An NFT of the still image “52Hz” by Zomax sold for $168,000 on SuperRare, an NFT platform founded by Mainer Jonathan Perkins.

Jon Ippolito, professor of new media at the University of Maine, is capable of spouting all the technical jargon when it comes to explaining non-fungible tokens, or NFTs, the latest market-charged trend in the world of high-end art and collectibles. But he prefers simplicity.

“Basically, NFTs are a big receipt in the sky. That’s all they are,” said Ippolito, a former curator at Guggenheim Museum and an early specialist in internet art.

They’re a little more complex, but Ippolito’s comparison is a good starting point for understanding the latest art-world boom – or bubble, depending on the perspective – that became a mainstream cultural phenomenon when someone paid $69.3 million for an NFT of the digital artwork “Everydays: The First 5000 Days” by the artist Mike Winkelmann, known commercially as Beeple. The $69.3 million auction price was the most money paid for an NFT, one indication of the scope and potential of a new and quickly expanding market for art and collectibles – like trading cards, memes and even the first tweets of famous people – that is supported, in part, by an entrepreneur from Maine who co-founded the NFT platform SuperRare. On Friday morning, SuperRare sold an NFT of the video artwork “Destination Hexagonia” by the artist Don Diablo for $1.2 million. Digital artists from Maine also have begun dabbling with NFTs, exploring where and how to sell their digital artworks.

NFTs are difficult to grasp, because they’re not an actual thing.
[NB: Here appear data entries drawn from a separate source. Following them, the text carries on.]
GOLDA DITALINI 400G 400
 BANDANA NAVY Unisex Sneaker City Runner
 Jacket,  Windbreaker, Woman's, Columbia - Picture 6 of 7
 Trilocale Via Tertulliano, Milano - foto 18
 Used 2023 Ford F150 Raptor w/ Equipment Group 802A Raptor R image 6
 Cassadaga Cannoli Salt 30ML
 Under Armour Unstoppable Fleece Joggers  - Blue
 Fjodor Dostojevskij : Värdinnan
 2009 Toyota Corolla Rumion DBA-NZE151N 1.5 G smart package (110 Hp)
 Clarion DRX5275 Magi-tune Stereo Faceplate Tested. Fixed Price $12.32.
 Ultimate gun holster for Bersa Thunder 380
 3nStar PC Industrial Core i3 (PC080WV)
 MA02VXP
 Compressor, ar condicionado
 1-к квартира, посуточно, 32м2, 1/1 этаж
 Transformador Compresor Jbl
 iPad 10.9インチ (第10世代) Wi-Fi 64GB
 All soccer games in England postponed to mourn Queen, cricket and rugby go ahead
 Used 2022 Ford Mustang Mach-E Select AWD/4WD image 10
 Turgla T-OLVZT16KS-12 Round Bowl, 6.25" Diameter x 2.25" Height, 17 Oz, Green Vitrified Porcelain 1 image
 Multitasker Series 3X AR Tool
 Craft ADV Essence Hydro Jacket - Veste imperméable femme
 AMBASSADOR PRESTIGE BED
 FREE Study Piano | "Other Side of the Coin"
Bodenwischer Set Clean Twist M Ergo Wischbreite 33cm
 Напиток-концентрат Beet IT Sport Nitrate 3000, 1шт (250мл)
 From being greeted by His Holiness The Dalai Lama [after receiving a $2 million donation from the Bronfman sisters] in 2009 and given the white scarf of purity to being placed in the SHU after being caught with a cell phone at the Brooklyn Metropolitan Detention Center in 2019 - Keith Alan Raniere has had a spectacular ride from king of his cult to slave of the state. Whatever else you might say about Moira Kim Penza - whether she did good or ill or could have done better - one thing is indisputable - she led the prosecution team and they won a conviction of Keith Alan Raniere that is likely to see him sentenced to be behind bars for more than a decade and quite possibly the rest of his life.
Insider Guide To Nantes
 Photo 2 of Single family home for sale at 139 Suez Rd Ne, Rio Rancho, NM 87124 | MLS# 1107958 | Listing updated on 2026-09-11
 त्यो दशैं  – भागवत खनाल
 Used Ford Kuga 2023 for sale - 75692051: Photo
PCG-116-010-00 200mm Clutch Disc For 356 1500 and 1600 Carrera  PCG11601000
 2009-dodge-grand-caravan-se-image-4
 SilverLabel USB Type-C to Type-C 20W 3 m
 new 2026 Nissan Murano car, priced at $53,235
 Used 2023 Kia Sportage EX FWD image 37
Each NFT represents a unique digital token of ownership, but not an actual artwork. “There are no rights or physical or digital assets, it’s just bragging rights to say, ‘I bought this.’ You can get an image if you want it, but that is not what you are buying,” Ippolito said.

Others say the NFT trend is a big middle finger to the art establishment and another example of the disruptive democratization of a traditional market, fueled by technology and social media and similar to the social-movement mentality that gave GameStop stock a wild ride on Wall Street a few weeks ago. “I don’t need an art critic or a gallery to validate my work anymore,” said Arturo Camacho, a doctoral student at UMaine who is following the NFT marketplace closely but has yet to enter it. “It’s no longer decided by a few, but by an entire network of people.”

The person who paid nearly $70 million for bragging rights to “Everydays” received a digital token of authenticity, minted on a digital ledger, or blockchain, that represents both the authentic creation of that work by the artist, as well as its legitimate ownership by the buyer. The digital certificate of authenticity allows an image that exists only in a digital realm to be traded and tracked on the blockchain. The appeal of blockchains is their supposed security; after data is recorded in one block, it can’t be changed without changing data in all the blocks that follow. That sense of security and authenticity helps create higher values for digital art.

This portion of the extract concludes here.